What needs to be done » The records that follow are to be copied word for word. Pictures should be omitted.

Supplied data »
____

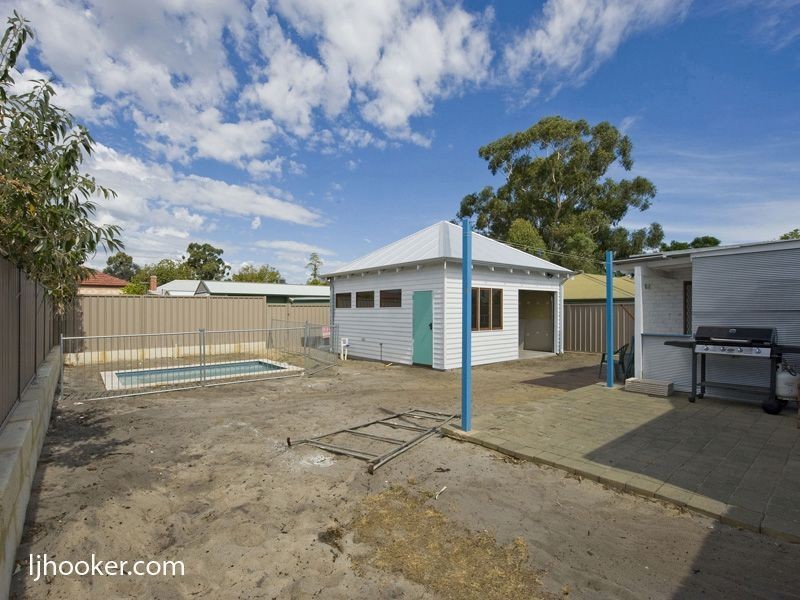 8 Esperance Street, East Victoria Park WA 6101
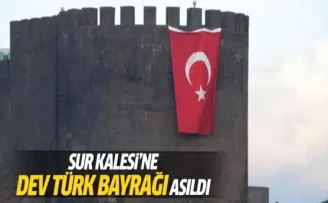 Sur Kalesi'ne dev Türk bayrağı asıldı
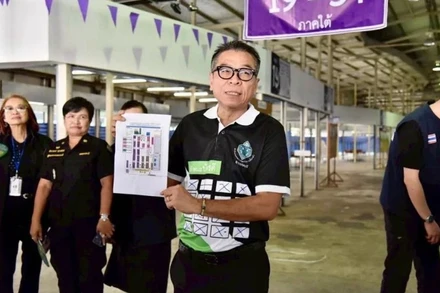 Tổng Thư ký Ủy ban Bầu cử Thái Lan đi kiểm tra công tác chuẩn bị cho cuộc bỏ phiếu sớm tại quận Bang Kapi, thuộc thủ đô Bangkok. (Ảnh: Ủy ban Bầu cử Thái Lan)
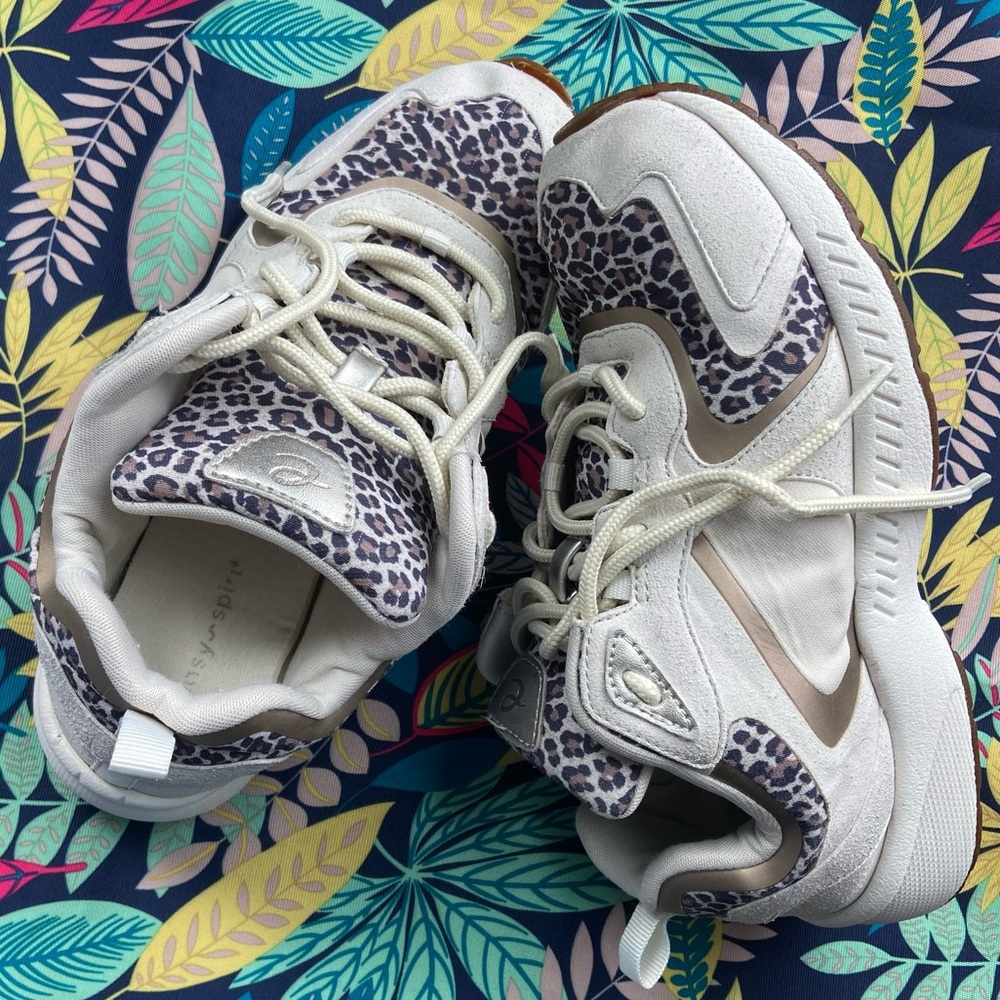 EasySpirit Washed/Sanitized/Glued Sz-7M Well Worn LeopardPrint👟Good Tread, Clean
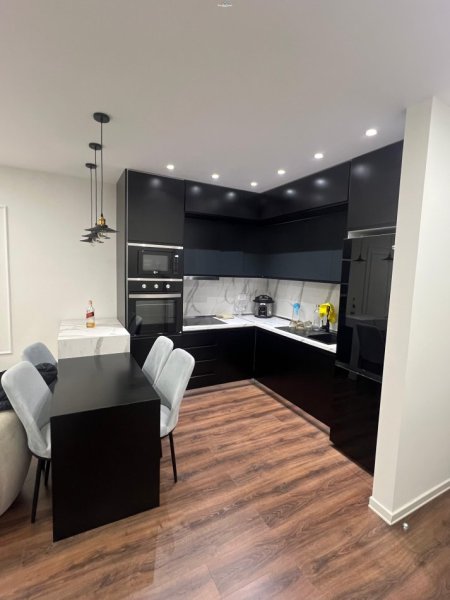 Tirane, jepet me qera apartament 1+1+Ballkon Kati 1, 70 m² 600 € (5 maji)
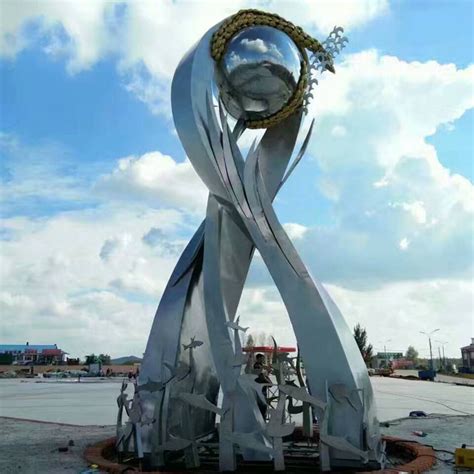 北京大型不锈钢雕塑设计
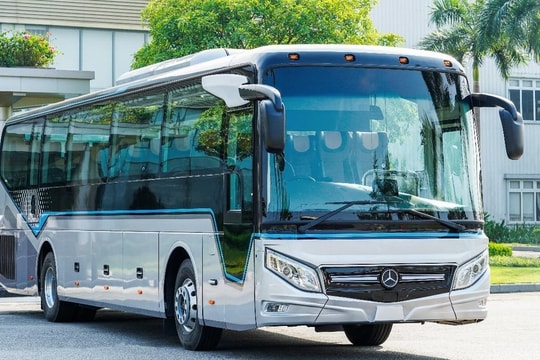 THACO AUTO xuất khẩu xe bus cao cấp Mercedes-Benz RS 1936 sang Thái Lan
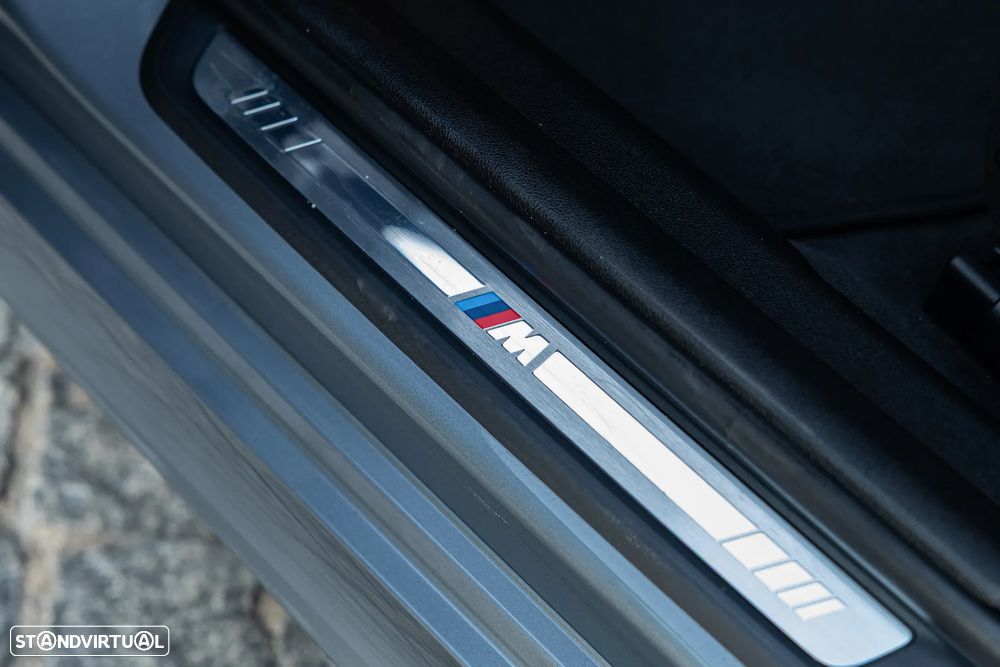 BMW 320 d Pack Desportivo M Auto - 17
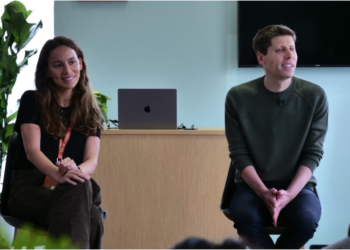 1 javë “divorc”, kompania që krijoi ChatGPT rikthen CEO-n e shkarkuar pasi e zëvendësoi Mira Murati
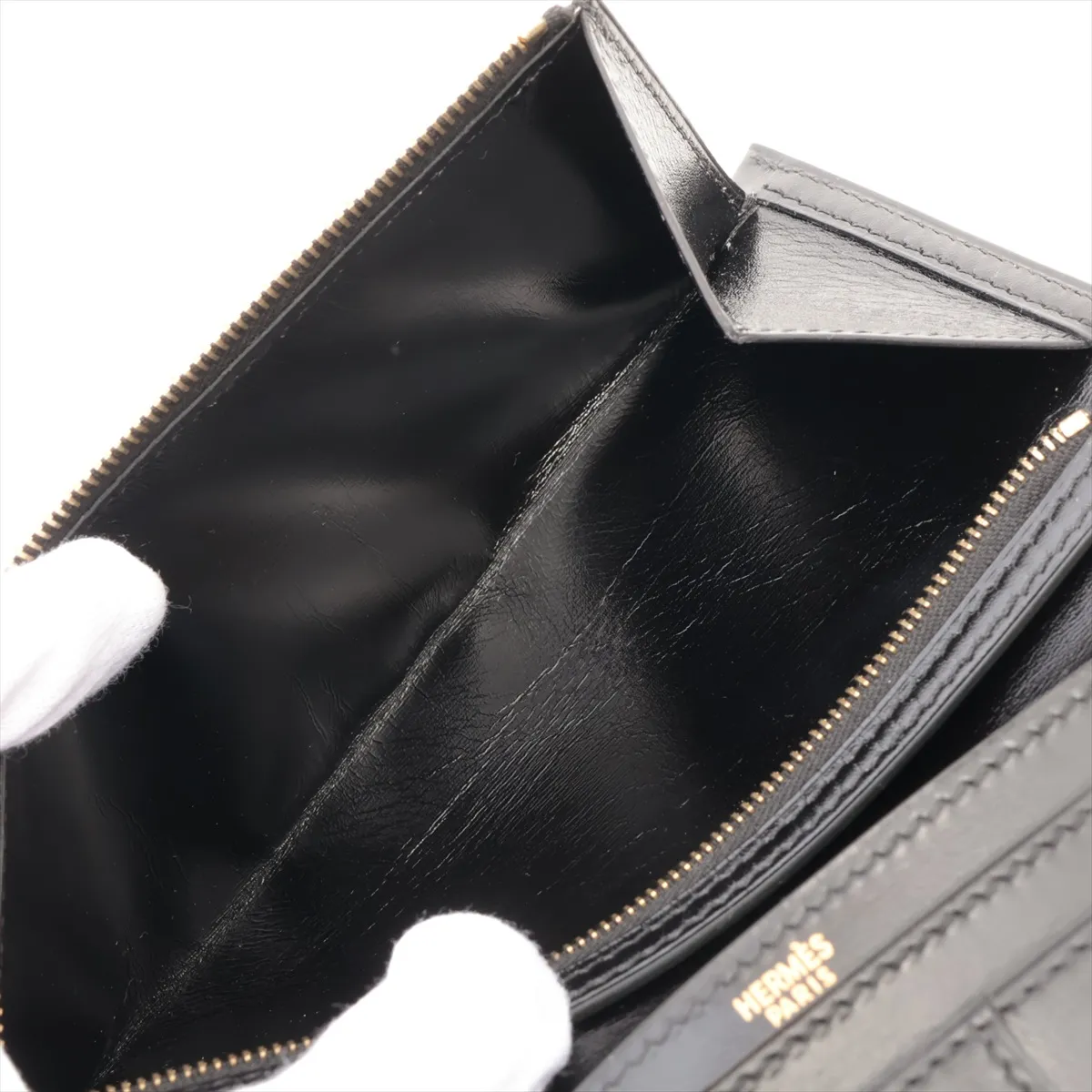 Bearn Classic Box Calf Long Wallet, Black with Gold Hardware, F: 2002 — view 8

____

Exercise solution »
 8 Esperance Street, East Victoria Park WA 6101
 Sur Kalesi'ne dev Türk bayrağı asıldı
 Tổng Thư ký Ủy ban Bầu cử Thái Lan đi kiểm tra công tác chuẩn bị cho cuộc bỏ phiếu sớm tại quận Bang Kapi, thuộc thủ đô Bangkok. (Ảnh: Ủy ban Bầu cử Thái Lan)
 EasySpirit Washed/Sanitized/Glued Sz-7M Well Worn LeopardPrint👟Good Tread, Clean
 Tirane, jepet me qera apartament 1+1+Ballkon Kati 1, 70 m² 600 € (5 maji)
 北京大型不锈钢雕塑设计
 THACO AUTO xuất khẩu xe bus cao cấp Mercedes-Benz RS 1936 sang Thái Lan
 BMW 320 d Pack Desportivo M Auto - 17
 1 javë “divorc”, kompania që krijoi ChatGPT rikthen CEO-n e shkarkuar pasi e zëvendësoi Mira Murati
 Bearn Classic Box Calf Long Wallet, Black with Gold Hardware, F: 2002 — view 8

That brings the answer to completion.